Seeking Asylum

Australia looks pretty reprehensible in the eyes of the international community these days, and we’re certainly not doing ourselves any favours the way we’re behaving toward our nearest neighbours. I think, sometimes, that we forget we’re a country in Asia, not a state of America or one of the British Isles.

GetUp Australia has instigated and/or spear-headed some amazing campaigns through the years, many of which I’ve watched with great interest. Their marriage equality video “It’s Time” deserved its viral status, and I still can’t watch it without a runny nose and a tear or two.

Right now they’re launching something more subtle, restrained, I suspect, but the current government’s stance on grassroots campaigning and boycotts – Letters to Asylum Seekers.

The problem with campaigning for asylum seekers these days is that the only people who are listening are the people already very concerned for refugees. The people who really need to hear the message aren’t listening, or have gone deaf.

The wonderful thing about this campaign is that the messages are being sent where they probably do more good anyway – straight to an asylum seeker, who’s probably lost all faith in humanity in the face of Australian government bullshit. I’m safe at home and I’m losing faith in humanity just thinking about what my government is doing to people who have every right to seek asylum.

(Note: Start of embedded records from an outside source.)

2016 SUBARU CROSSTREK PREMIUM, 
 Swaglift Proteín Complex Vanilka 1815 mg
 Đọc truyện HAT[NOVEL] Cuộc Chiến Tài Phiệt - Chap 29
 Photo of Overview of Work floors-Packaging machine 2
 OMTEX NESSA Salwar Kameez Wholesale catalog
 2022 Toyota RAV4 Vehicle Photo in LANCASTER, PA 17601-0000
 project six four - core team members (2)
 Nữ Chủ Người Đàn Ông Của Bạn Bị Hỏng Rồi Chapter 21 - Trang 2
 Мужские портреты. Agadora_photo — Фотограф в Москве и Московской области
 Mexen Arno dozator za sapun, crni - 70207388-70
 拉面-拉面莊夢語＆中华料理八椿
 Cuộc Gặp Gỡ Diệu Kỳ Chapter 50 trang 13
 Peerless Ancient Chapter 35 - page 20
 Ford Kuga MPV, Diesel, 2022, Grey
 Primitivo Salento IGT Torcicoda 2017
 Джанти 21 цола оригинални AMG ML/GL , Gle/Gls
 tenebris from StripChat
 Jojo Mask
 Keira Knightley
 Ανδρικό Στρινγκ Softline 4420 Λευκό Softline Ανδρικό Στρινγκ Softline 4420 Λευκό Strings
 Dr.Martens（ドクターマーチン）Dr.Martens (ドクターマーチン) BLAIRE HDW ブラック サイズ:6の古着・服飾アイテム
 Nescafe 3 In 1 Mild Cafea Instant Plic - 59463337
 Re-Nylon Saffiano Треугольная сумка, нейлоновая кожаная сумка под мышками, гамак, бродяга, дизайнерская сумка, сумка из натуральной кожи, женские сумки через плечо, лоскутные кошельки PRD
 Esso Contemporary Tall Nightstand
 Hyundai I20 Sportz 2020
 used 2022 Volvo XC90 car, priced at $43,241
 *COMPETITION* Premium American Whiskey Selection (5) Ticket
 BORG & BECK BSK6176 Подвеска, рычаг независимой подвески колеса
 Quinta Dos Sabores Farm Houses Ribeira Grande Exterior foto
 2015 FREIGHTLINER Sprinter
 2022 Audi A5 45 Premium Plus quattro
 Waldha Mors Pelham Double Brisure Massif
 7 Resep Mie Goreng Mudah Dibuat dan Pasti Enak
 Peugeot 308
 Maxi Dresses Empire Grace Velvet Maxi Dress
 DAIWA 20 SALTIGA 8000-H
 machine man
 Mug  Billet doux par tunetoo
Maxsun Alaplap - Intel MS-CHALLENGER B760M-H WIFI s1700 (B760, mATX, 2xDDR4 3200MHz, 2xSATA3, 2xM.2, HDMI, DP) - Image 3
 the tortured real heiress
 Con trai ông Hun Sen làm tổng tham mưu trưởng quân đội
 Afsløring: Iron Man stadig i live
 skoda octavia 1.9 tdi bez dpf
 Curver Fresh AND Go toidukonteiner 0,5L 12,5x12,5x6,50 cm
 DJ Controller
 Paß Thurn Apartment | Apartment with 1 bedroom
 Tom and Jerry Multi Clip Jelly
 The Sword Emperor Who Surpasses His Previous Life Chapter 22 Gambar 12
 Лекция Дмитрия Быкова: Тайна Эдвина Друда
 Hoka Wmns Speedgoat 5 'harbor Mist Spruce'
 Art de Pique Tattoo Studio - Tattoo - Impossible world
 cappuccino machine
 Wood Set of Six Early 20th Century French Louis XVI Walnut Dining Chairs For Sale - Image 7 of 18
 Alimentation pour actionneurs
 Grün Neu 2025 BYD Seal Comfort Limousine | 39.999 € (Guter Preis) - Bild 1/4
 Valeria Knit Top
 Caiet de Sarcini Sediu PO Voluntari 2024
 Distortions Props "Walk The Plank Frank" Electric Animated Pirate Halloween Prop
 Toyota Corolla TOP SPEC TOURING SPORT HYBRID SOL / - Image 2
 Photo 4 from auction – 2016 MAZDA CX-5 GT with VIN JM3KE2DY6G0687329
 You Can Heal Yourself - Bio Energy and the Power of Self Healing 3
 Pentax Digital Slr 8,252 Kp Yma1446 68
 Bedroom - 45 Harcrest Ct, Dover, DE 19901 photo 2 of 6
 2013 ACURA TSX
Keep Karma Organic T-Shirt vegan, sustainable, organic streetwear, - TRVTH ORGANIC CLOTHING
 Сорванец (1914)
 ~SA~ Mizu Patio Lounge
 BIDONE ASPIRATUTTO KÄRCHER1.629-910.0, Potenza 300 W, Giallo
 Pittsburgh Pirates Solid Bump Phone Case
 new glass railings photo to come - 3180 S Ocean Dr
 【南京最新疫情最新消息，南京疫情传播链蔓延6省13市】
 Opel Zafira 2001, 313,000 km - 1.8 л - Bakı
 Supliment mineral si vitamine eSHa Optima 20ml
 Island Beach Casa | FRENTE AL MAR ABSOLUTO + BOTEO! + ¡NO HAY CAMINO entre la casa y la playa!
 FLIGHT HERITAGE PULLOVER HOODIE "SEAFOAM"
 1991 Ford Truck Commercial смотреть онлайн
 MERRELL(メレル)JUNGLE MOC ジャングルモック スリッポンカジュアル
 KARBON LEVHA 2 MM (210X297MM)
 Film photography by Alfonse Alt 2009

It is not illegal to seek asylum! Refugees are fleeing persecution, torture, and certain death on the grounds of race, religion, sexuality or sexual orientation… They’re getting on leaky boats to face the possibility of death and the hope of a fresh start somewhere else. That opportunistic vultures prey on these people, rob them of all their assets to put them on these leaky boats, uncaring if they reach safety alive or not, is a whole other topic well worth a rant of its own.

GetUp Australia is looking for people to write letters to asylum seekers, to let them know we’re thinking of them, and that we haven’t forgotten. I just wrote mine, and I’m going to mail it tomorrow (or Monday if I can’t find a place selling stamps on Anzac Day).

I don’t know who you are, but I worry for you, and for any of your family and friends there with you. I hear such awful stories of where you are, and I think of what you went through to get there – and it’s not fair.

You haven’t been forgotten by us here in Australia, we know you’re there, and we know what our government is doing to you is wrong. Until we can make a change, please have hope, and don’t lose heart in the face of adversity. We know you’re there, and we will continue to do all we can to help you.

My name is Amelia, and I live in Tasmania – the little island state at the bottom of Australia. I study and teach at university, and my family is two cats and a dog. I don’t know who you are, but I would welcome you to my home as a friend. We haven’t forgotten you.

Please write back – let me know how you are, and who you are. We hear of ‘asylum seekers’ without seeing that you are people with names and faces and histories – but I know you have a name, and a face, and a story.

Your friend in Australia,

The irony of this picture is perfect and poignant. For those who don’t know, it’s from the Australian National Anthem.